Shown below is a listing with pictures; reproduce exactly, and only, the lines between the ones containing "Vintage Seattle Supersonics" and "Watercolor floral dog", inclusive, leaving the pictures out.

Top of DATA SUPPLIED

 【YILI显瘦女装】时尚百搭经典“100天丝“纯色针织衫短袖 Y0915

Bottom of DATA SUPPLIED
Top of DATA SUPPLIED

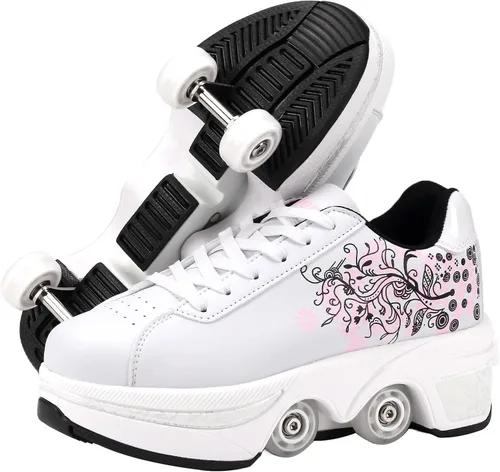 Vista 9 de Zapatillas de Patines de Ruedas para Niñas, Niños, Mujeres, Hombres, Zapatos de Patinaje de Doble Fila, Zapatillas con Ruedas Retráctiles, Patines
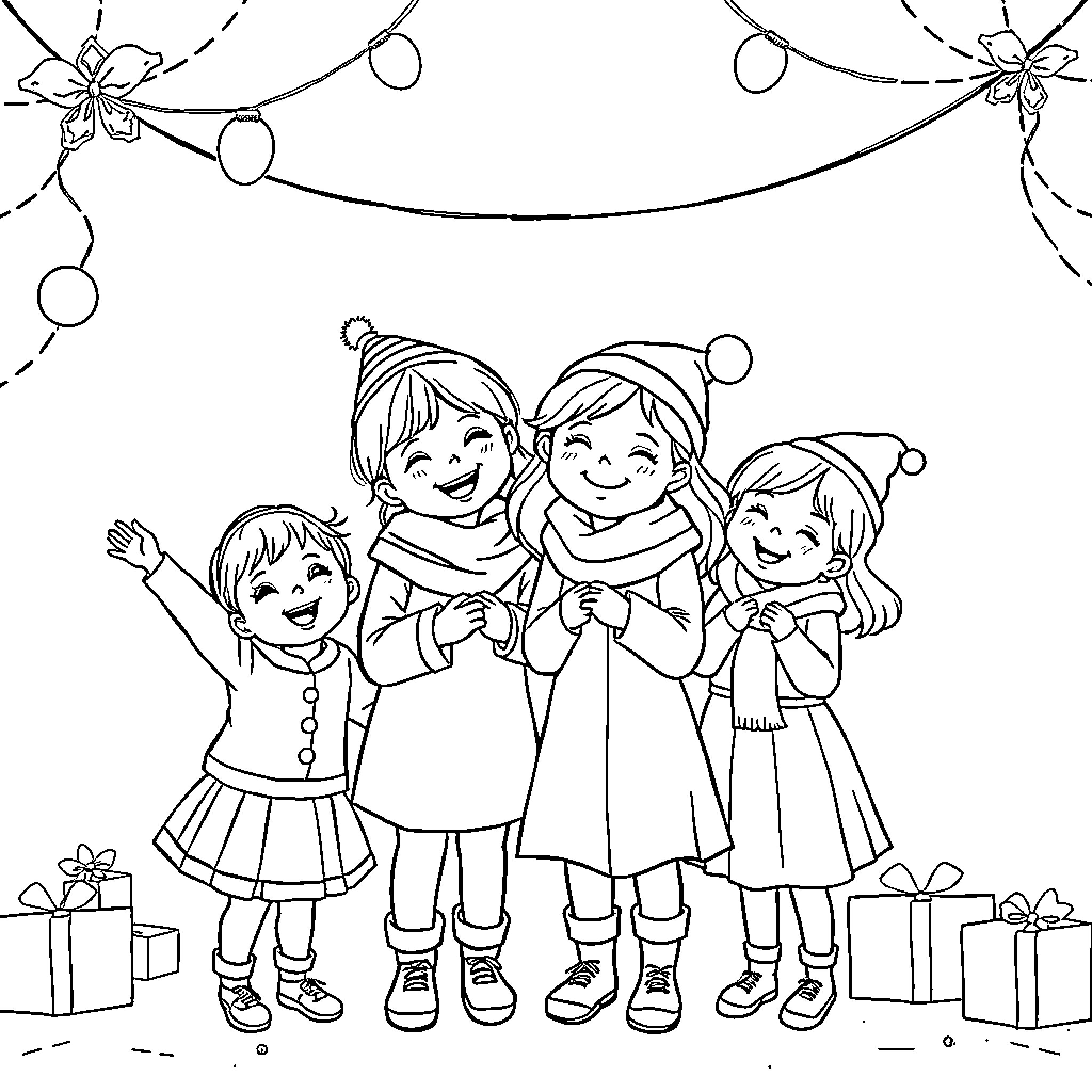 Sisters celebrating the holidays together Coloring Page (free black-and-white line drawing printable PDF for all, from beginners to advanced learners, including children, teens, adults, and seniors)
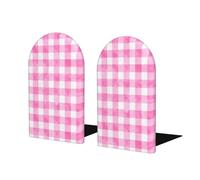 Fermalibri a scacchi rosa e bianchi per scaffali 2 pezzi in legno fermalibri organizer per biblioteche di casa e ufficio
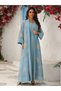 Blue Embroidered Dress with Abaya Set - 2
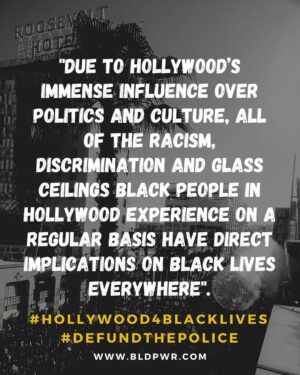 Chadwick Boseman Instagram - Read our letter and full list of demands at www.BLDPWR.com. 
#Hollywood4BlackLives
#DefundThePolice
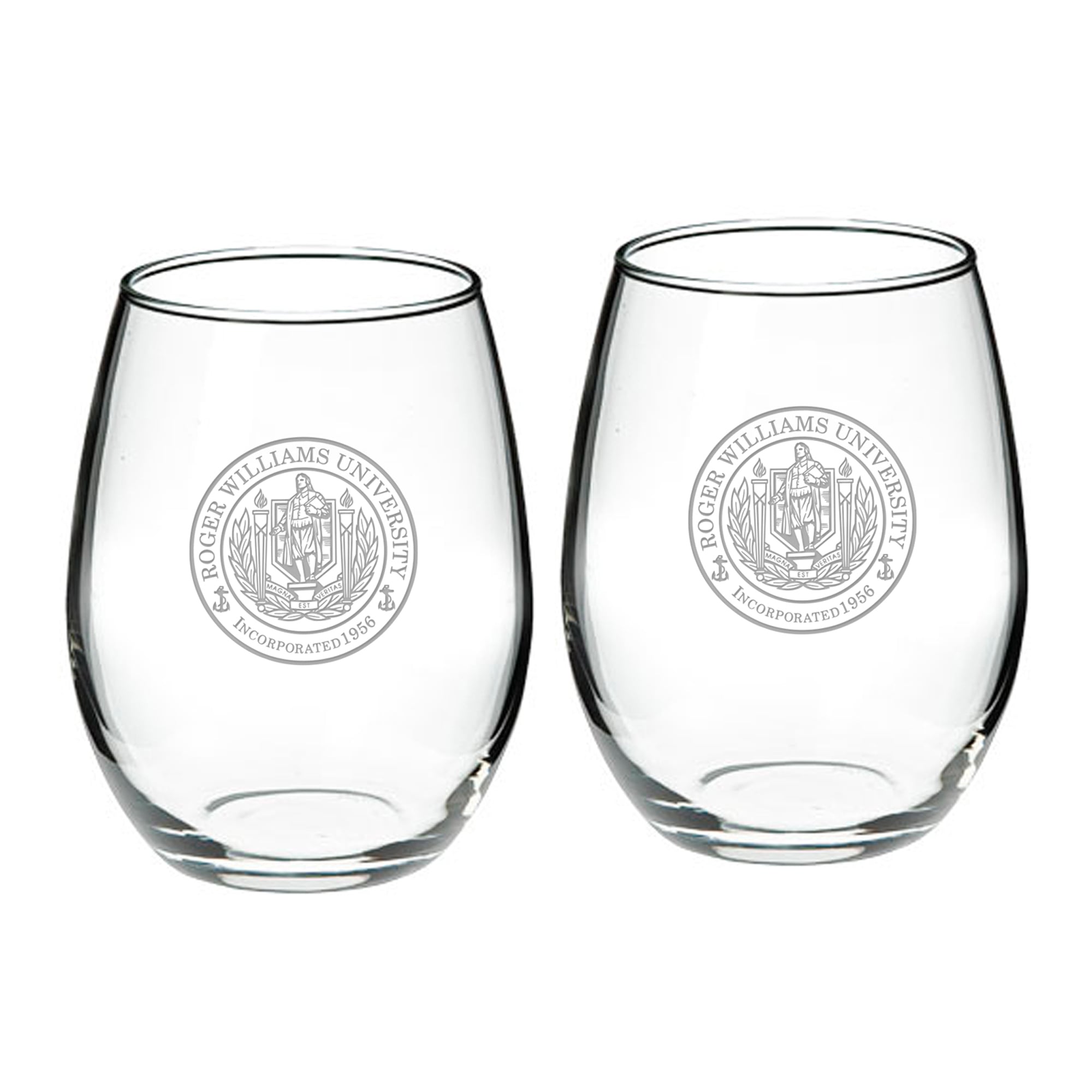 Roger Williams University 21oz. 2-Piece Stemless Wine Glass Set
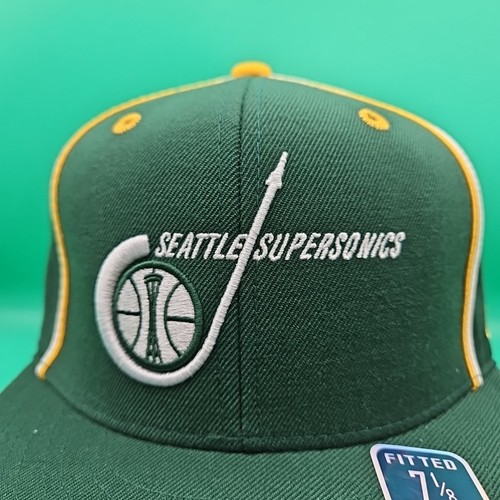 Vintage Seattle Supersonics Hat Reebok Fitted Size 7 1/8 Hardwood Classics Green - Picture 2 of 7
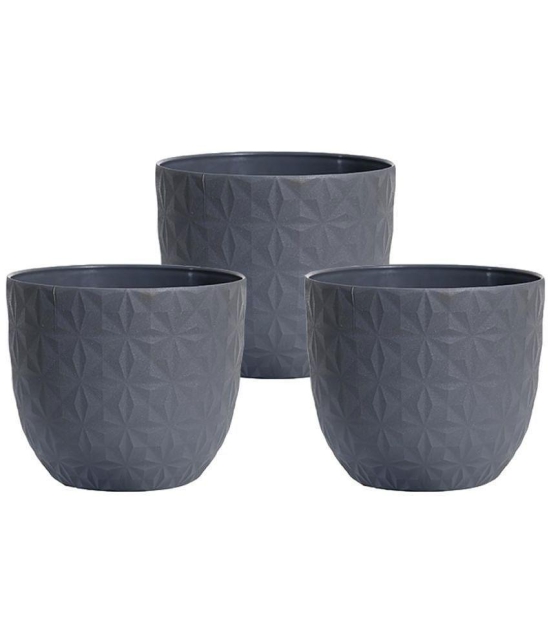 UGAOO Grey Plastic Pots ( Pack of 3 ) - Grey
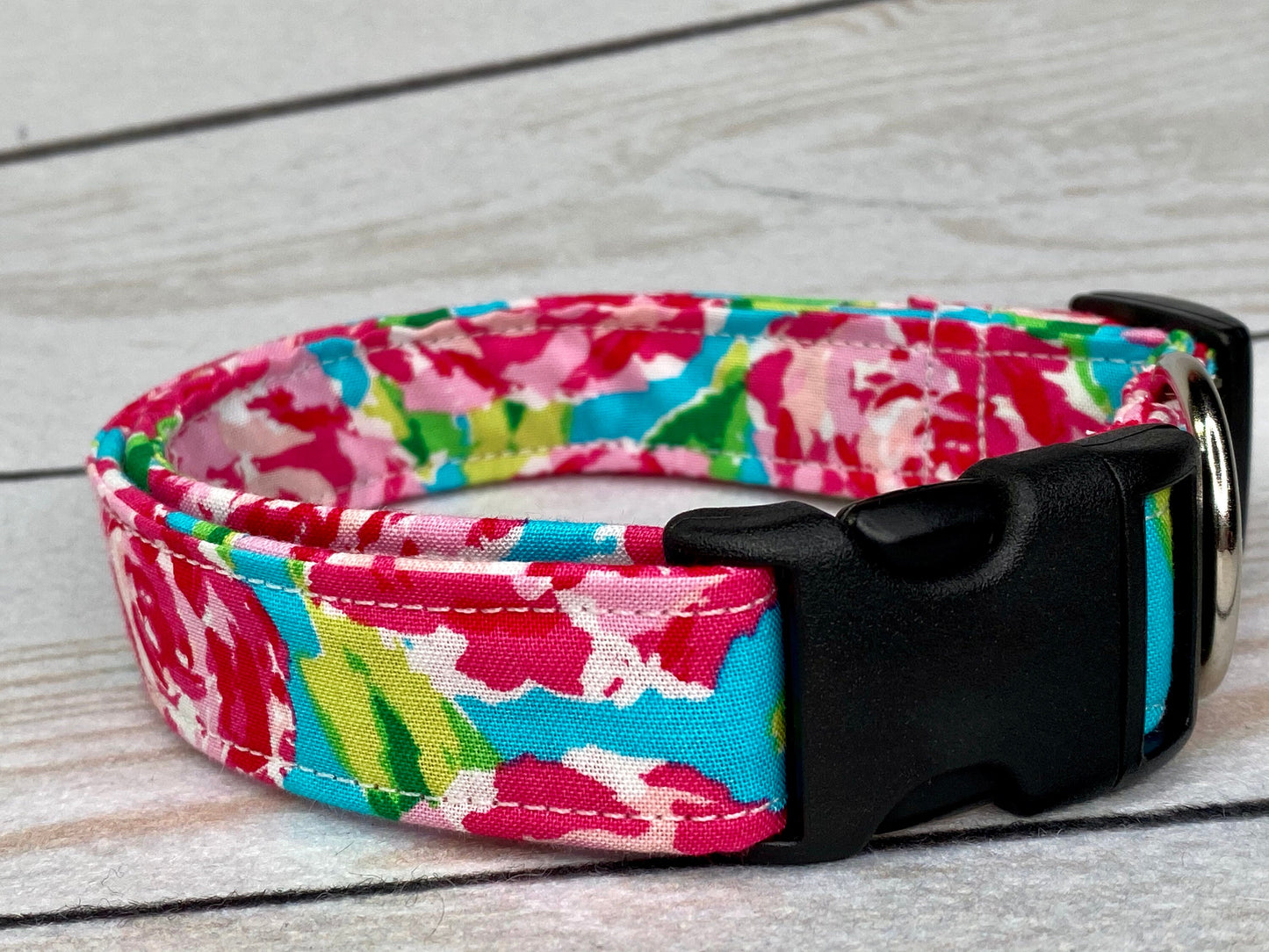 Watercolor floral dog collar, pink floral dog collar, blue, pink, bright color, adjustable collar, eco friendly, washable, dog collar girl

Bottom of DATA SUPPLIED

→ **WRITTEN RESPONSE**:
 Vintage Seattle Supersonics Hat Reebok Fitted Size 7 1/8 Hardwood Classics Green - Picture 2 of 7
 UGAOO Grey Plastic Pots ( Pack of 3 ) - Grey
 Watercolor floral dog collar, pink floral dog collar, blue, pink, bright color, adjustable collar, eco friendly, washable, dog collar girl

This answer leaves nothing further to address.